:: Exercise data ::

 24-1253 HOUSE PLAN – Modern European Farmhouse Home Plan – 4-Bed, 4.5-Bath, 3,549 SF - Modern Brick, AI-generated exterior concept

:::
:: Exercise data ::

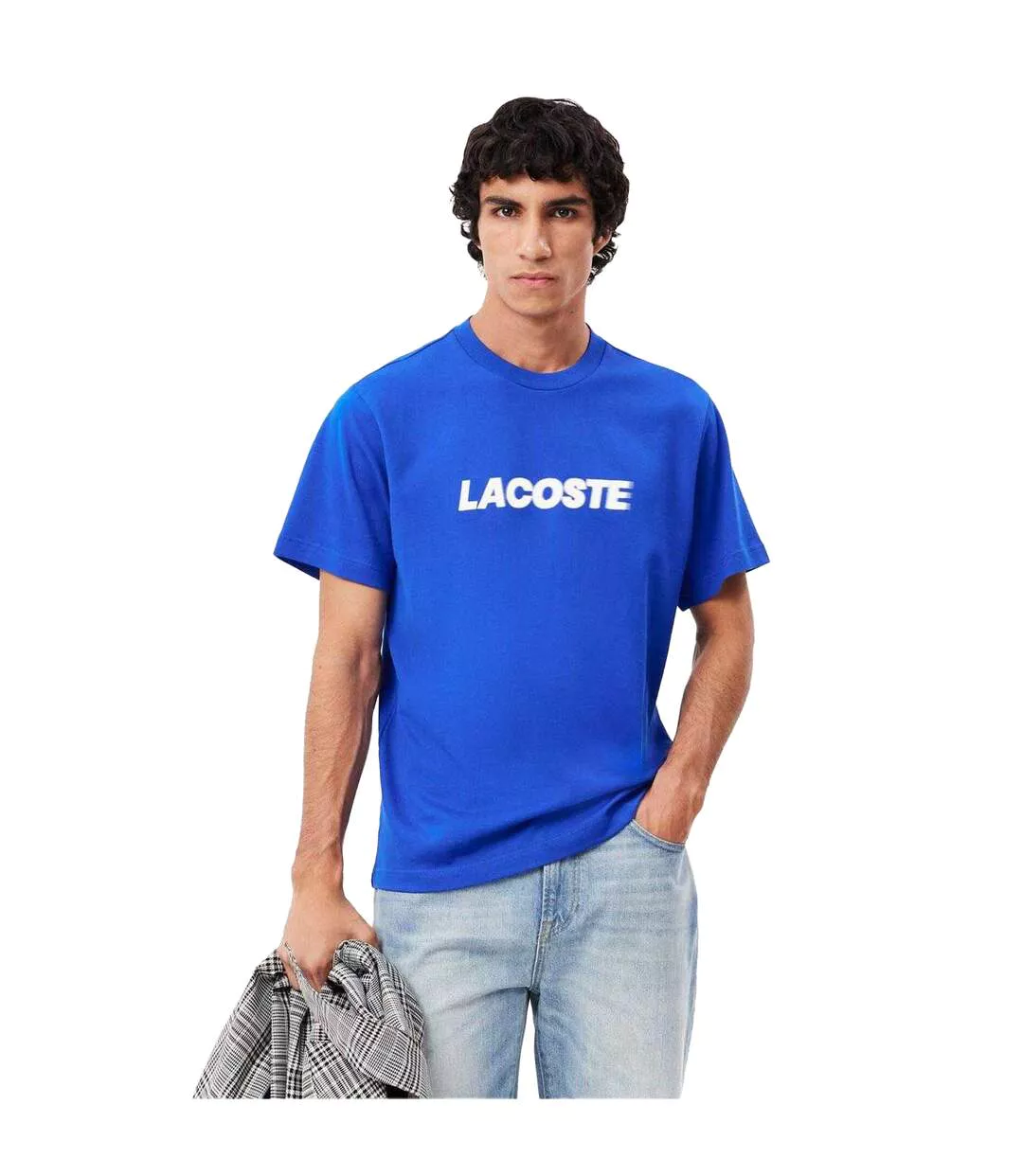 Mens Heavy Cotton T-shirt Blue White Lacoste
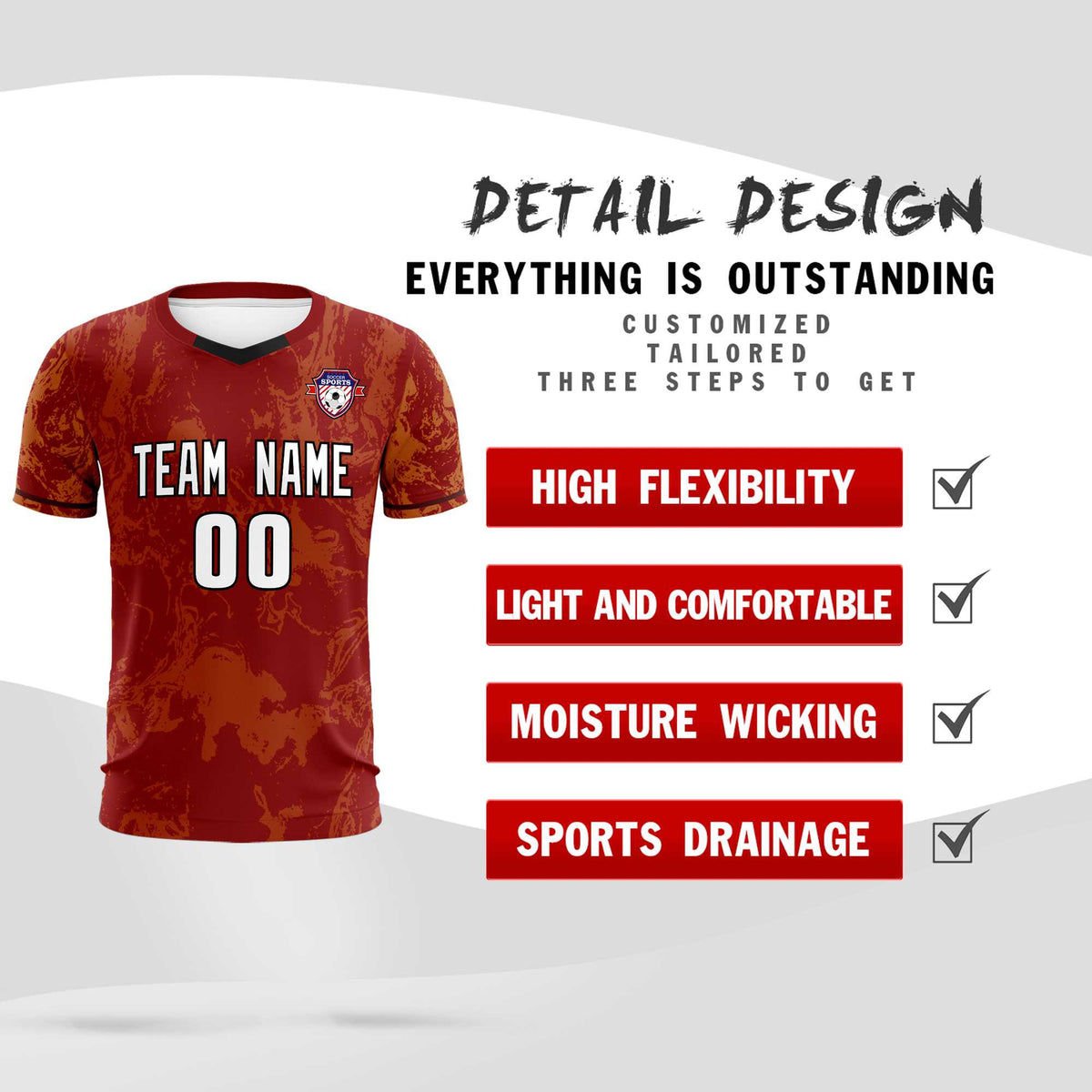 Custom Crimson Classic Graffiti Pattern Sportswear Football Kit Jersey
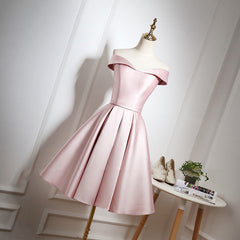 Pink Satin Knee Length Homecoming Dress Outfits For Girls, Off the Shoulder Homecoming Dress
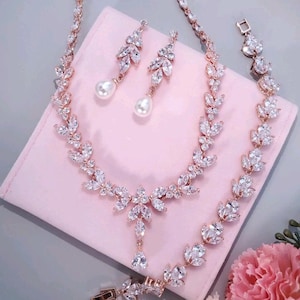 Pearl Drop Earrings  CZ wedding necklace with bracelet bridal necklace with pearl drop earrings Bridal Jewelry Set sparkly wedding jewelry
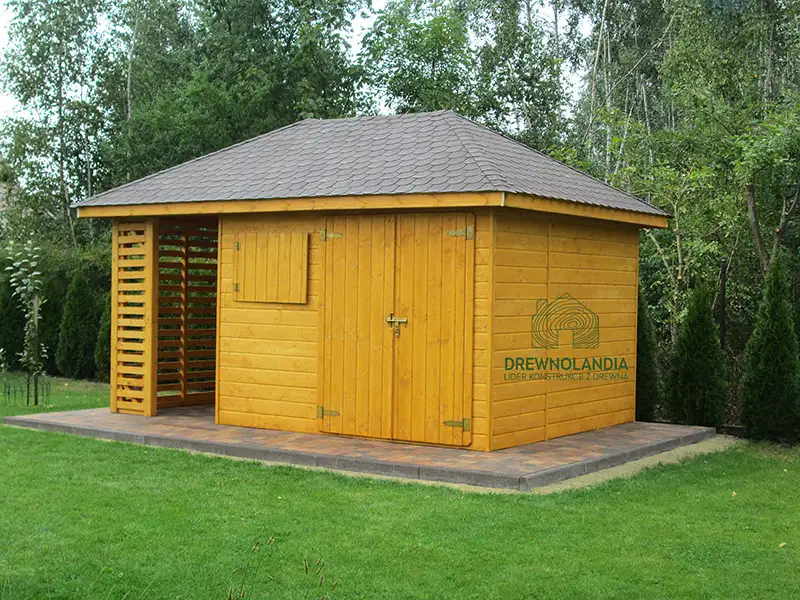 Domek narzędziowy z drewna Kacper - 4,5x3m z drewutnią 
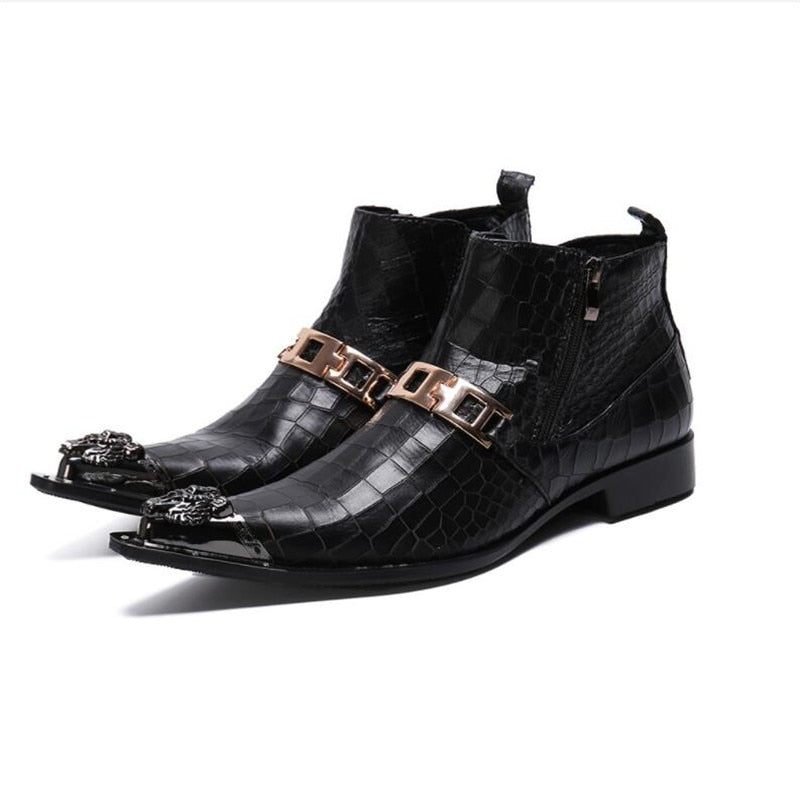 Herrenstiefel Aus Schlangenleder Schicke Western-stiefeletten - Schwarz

:::
:: Exercise data ::

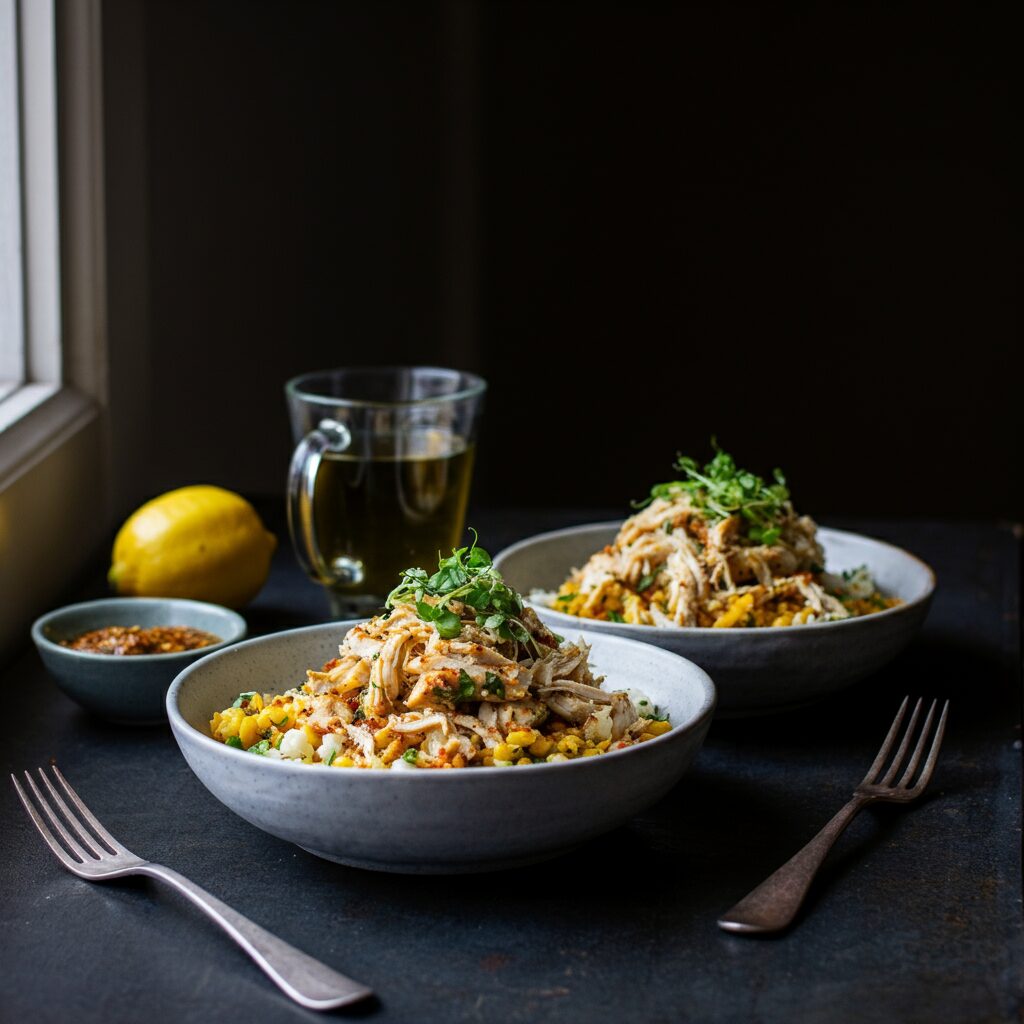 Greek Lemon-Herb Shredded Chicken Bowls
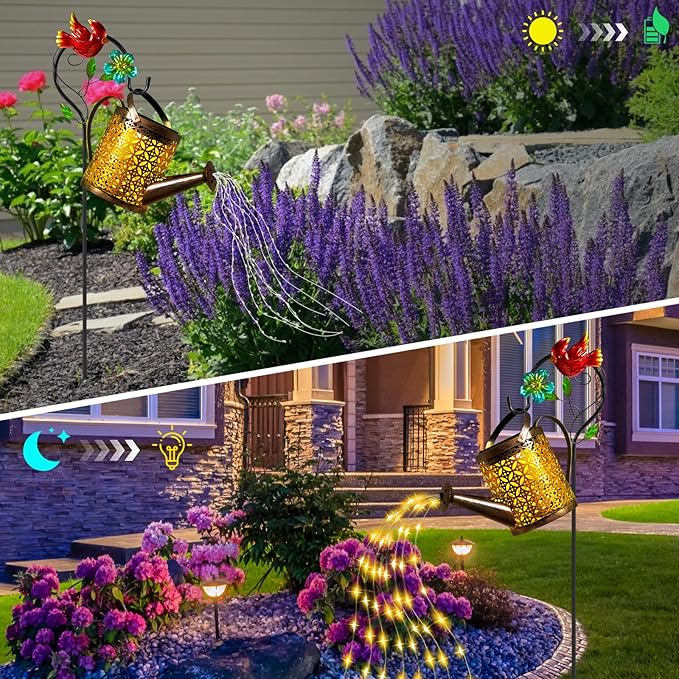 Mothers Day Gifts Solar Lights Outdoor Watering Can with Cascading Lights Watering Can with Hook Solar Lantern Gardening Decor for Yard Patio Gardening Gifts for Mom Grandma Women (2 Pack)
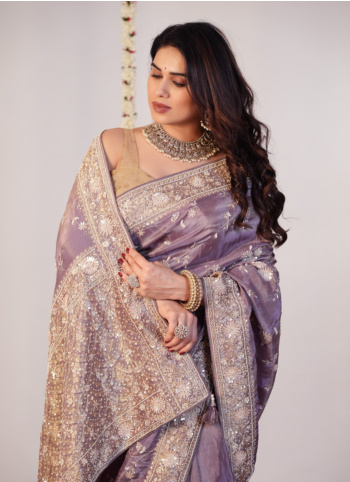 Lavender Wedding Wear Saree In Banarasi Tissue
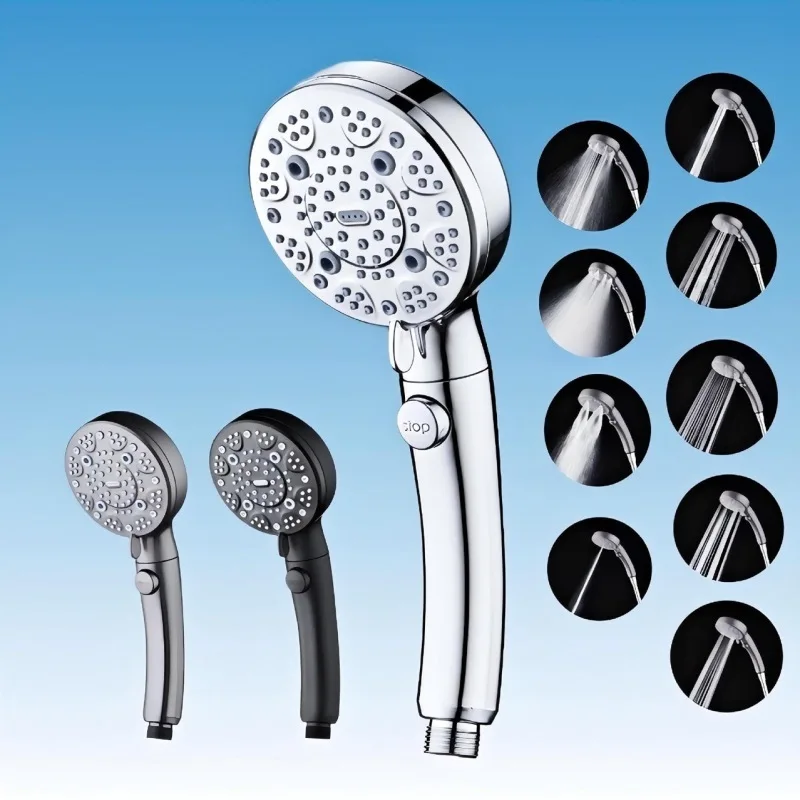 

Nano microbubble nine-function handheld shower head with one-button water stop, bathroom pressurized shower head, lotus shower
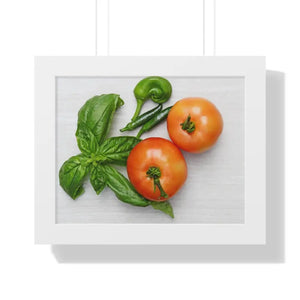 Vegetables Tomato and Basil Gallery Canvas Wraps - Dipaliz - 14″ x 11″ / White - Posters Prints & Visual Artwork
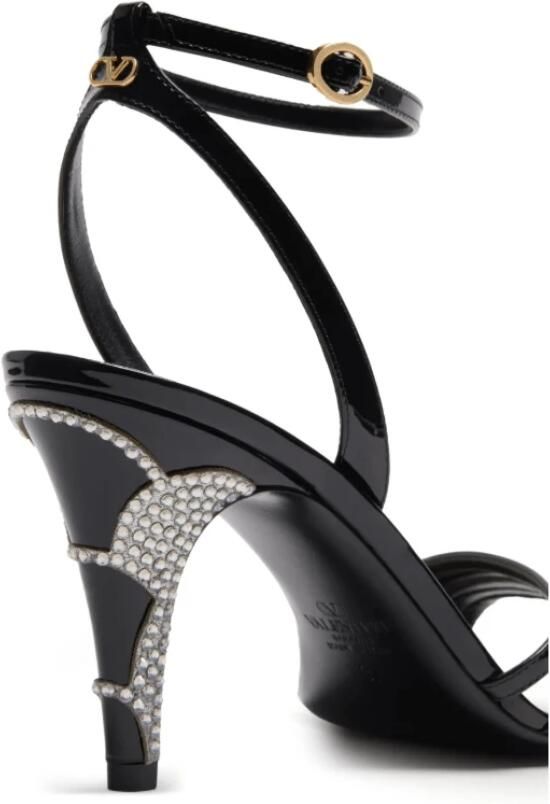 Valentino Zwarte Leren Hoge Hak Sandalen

:::

→ Assigned task
Among the entries above, find the line with "Domek narzędziowy z" and repeat exactly from there through the line with "Herrenstiefel Aus Schlangenleder", leaving out the pictures.

→ Solved exercise
 Domek narzędziowy z drewna Kacper - 4,5x3m z drewutnią 
 Herrenstiefel Aus Schlangenleder Schicke Western-stiefeletten - Schwarz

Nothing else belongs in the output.